▶ **What you need to do**
In the records below, some lines hold the word "Code". Copy each of those lines.

▶ **Supplied entries**
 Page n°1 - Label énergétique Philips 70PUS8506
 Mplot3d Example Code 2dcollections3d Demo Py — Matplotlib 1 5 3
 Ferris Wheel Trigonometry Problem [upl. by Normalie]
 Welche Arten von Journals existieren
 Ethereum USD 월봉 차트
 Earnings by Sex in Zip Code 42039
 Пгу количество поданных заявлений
---
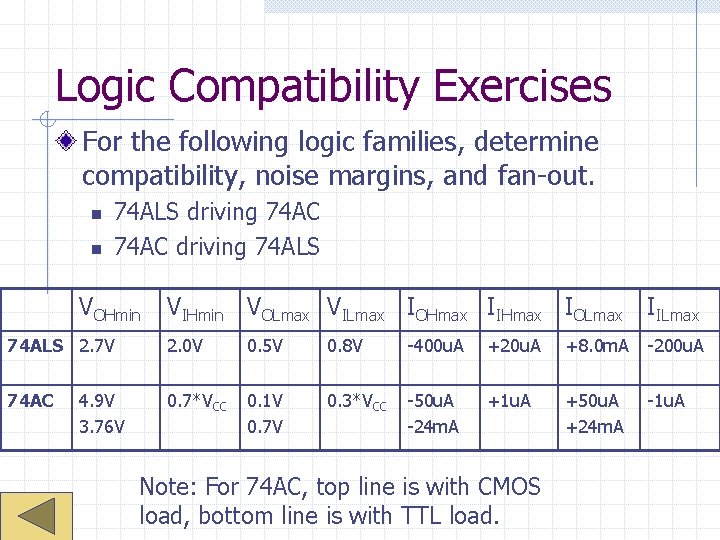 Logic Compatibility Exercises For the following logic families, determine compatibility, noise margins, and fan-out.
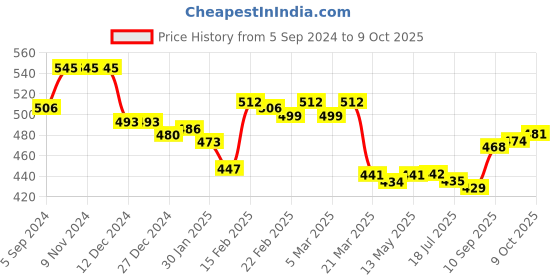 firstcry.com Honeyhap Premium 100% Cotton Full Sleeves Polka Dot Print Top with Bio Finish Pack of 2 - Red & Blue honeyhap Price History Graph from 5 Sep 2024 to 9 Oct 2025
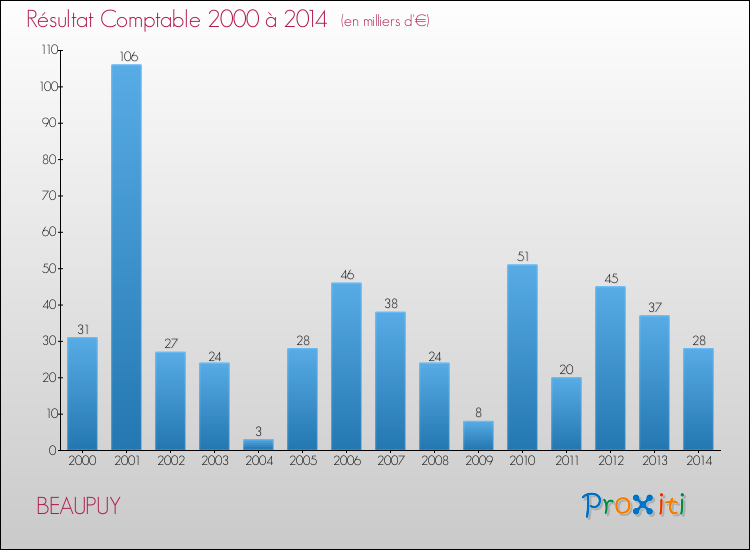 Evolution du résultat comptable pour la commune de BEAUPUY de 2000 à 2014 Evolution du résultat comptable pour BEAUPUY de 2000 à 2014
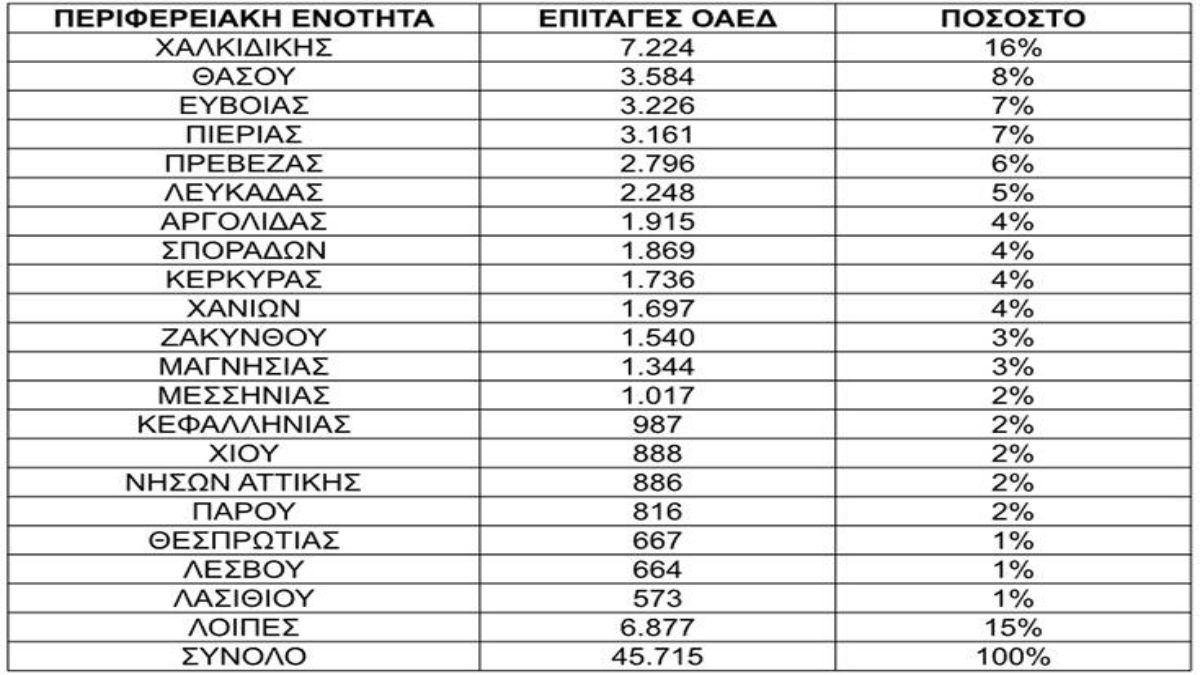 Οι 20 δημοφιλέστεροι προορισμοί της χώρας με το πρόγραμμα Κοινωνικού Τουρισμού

▶ **Final answer**
 Mplot3d Example Code 2dcollections3d Demo Py — Matplotlib 1 5 3
 Earnings by Sex in Zip Code 42039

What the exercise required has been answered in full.